En 1952 la paragraphe (4) de l’article 3 a été abrogé et remplacé par le suivant, S.R.C. 1952, article 2(3), ¢. 317, savoir:

“3. (4) Lorsqu’une personne décédée avait lors du décès un pouvoir général de désignation concernant des biens ou de disposition de biens, il est censé exister une succession à l’égard de ces biens, et la personne y ayant droit et le de cujus sont respectivement réputés le ‘successeur’ et le ‘prédécesseur’ à l’égard des biens.”

Ces dispositions de la Loi fédérale sur les droits successoraux sont-elles applicables aux biens d’abord légués par Amanda St- Pierre à son époux Israël Meunier et ensuite légués par ce dernier à son fils Rodolphe Meunier et à l’épouse de ce dernier?

Les termes du testament de l’épouse d’Israël Meunier sont clairs et ne prêtent à aucune ambiguïté: ‘‘J’institue Israël Meunier mon légataire universel, à qui je donne et lègue tous mes biens, meubles et immeubles, . . . le produit des polices d’assurances . . . Mon légataire universel aura la propriété entière de tous men biens . . . Il a le pouvoir de les vendre, les échanger, les hypothéquer, ou autrement, les aliéner, malgré les reserves qui suivent: s’il n’en a pas disposé entre vifs ou s’il ne les a pas recueillis . . .’? Et enfin: “Pour qu'aucun doute n’existe sur mes réelles intentions, je veux et entends que mon dit époux dispose de mes biens, comme il l’entendra, ne devant compte à personne. ’ ’

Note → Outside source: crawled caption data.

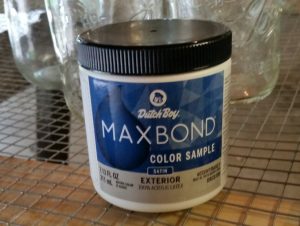 Using exterior paint samples helps make these painted Mason jars extra durable!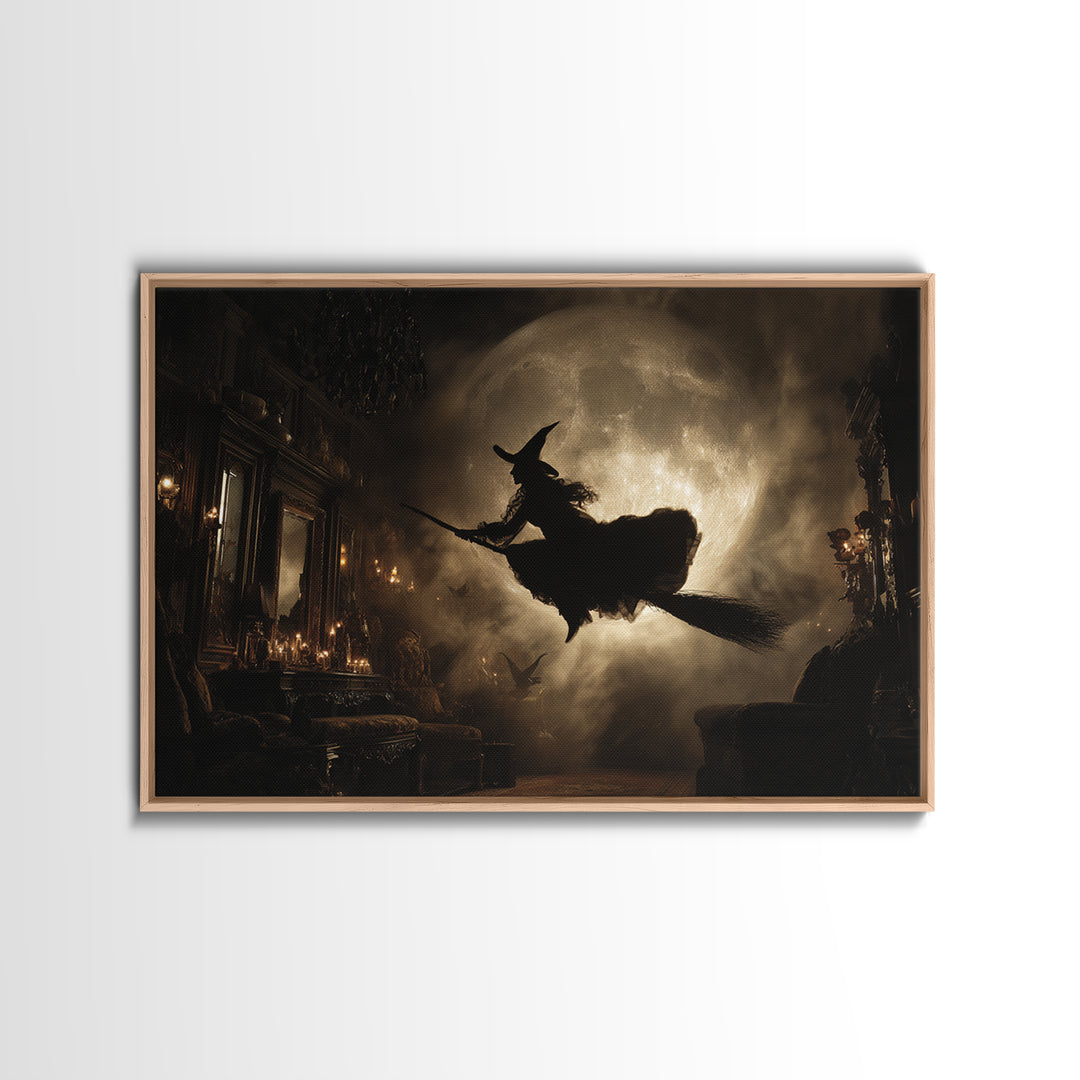 The Moonlit Witch, Landscape Wall Art, Spooky Home Decor, Canvas Print, Halloween Wall Decor, Gothic Home Decor, Statement Wall Art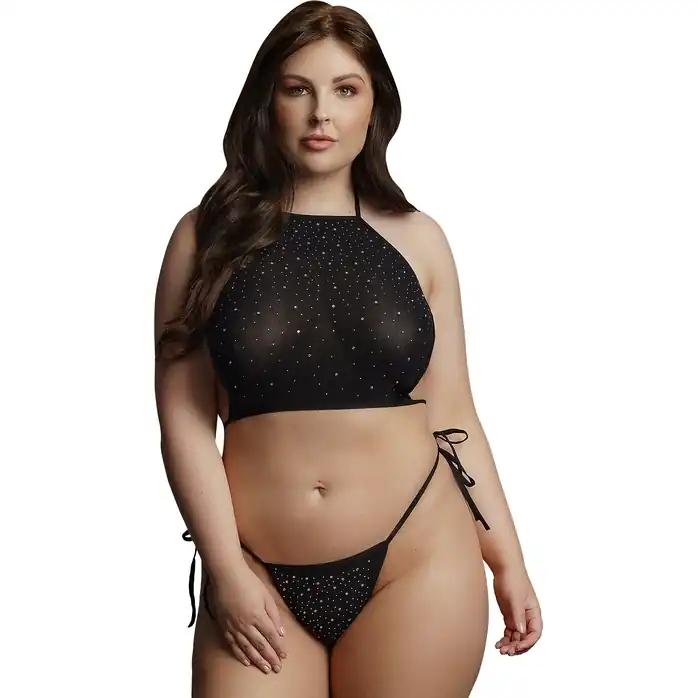 Стильный комплект Festive Rhinestone Top and Thong со стразами - Le Desir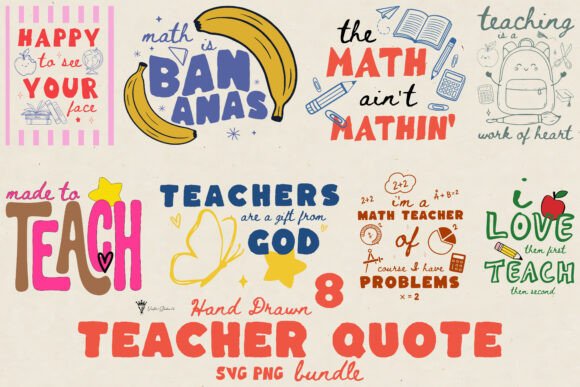 Download Hand Drawn Teacher Quotes SVG PNG Bundle - Svg Collection
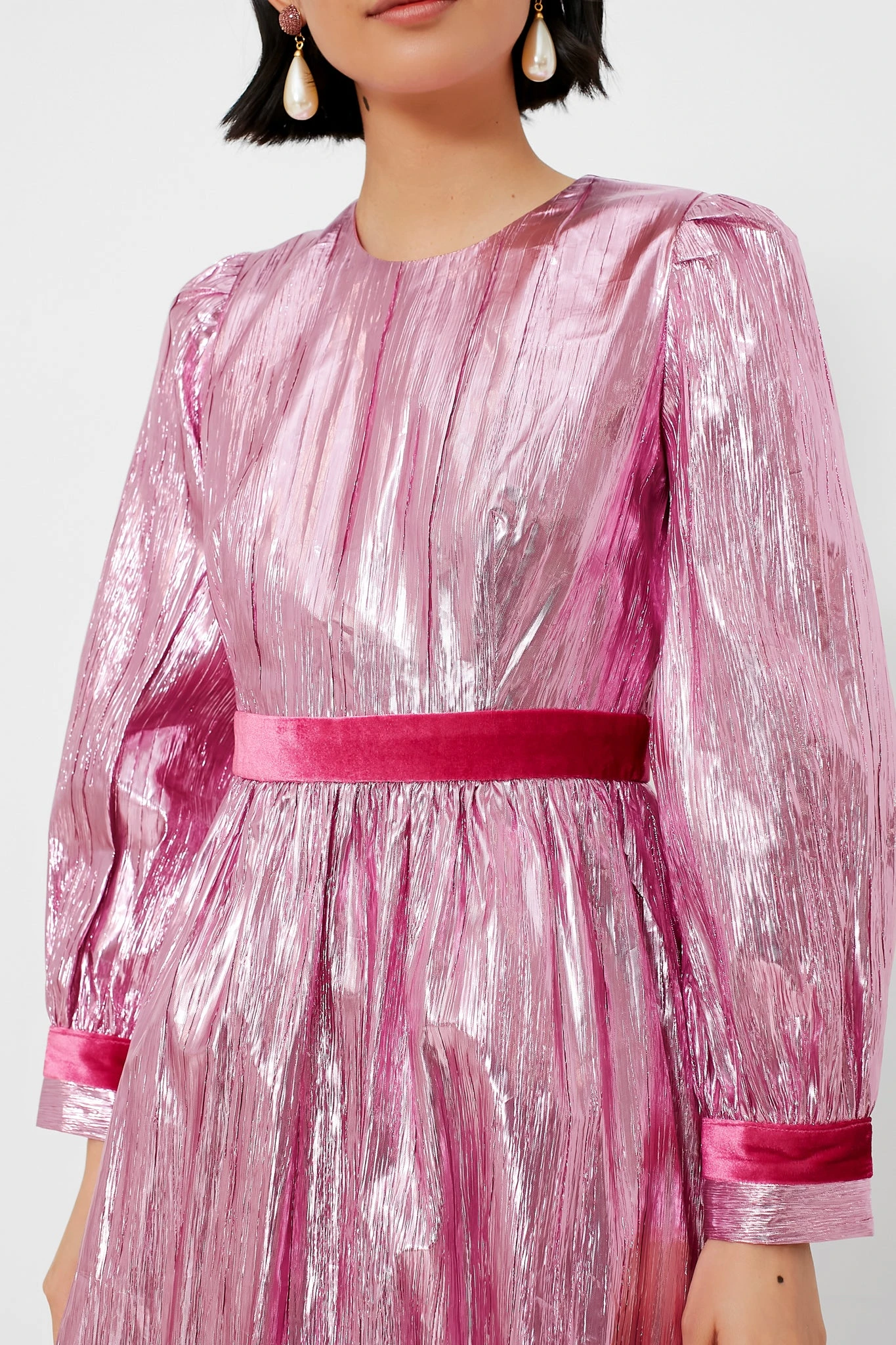 Pink Metallic Plisse Eloise Midi Dress - Image 5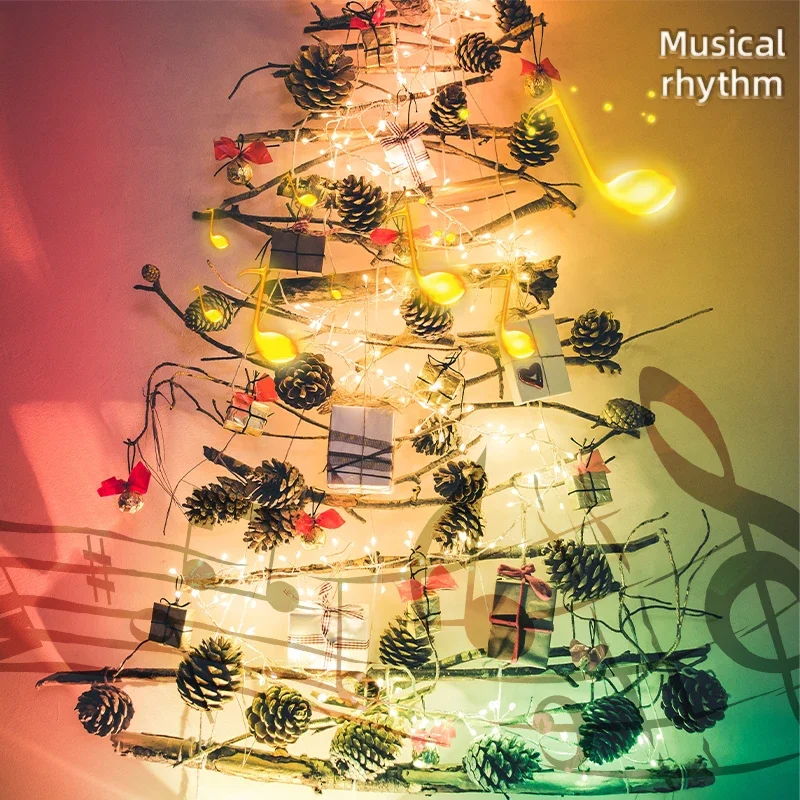 Luminous Bluetooth-Enabled Color-Changing LED String Lights with Music Sync & Remote Control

Il me semble que cette dernière clause fait disparaître tout doute, si doute il pouvait y avoir, sur l’intention de la testatrice de donner à son légataire universel un pouvoir général de disposition des biens légués. Ce pouvoir n’était pas limité à la disposition des biens par acte entre vifs: “Je veux et entends que mon époux dispose de mes biens comme il l’entendra, . . .’’

Israël Meunier a accepté la succession de son épouse et suivant les termes du testament il avait la propriété entière des biens. Il a recueilli ces biens, n’en a pas dispose entre vifs, mais le 28 mai 1952 il les a légués, par testament, à son fils et à l’épouse de ce dernier, qu’il a nommés ses légataires universels et exécuteurs testamentaires.

L’appelant a soumis que le codicille de dame Amanda St-Pierre avait pour effet de transmettre éventuellement, mais directement, ses biens à son fils, et, au cas de prédécès de ce dernier, à son épouse en usufruit et aux enfants de ceux-ci en nue propriété. Je ne crois pas que cette interprétation soit conforme aux termes et du testament et du codicille. Le seul changement apporté par le codicille a été (sujet aux autres clauses du testament) d’ajouter l’épouse de son fils, au cas de prédécès, comme légataire des biens en usufruit, sa vie durant, et les enfants comme légataires de la nue propriété. Toutes les autres clauses du testament qui ont rapport au présent litige sont ratifiées.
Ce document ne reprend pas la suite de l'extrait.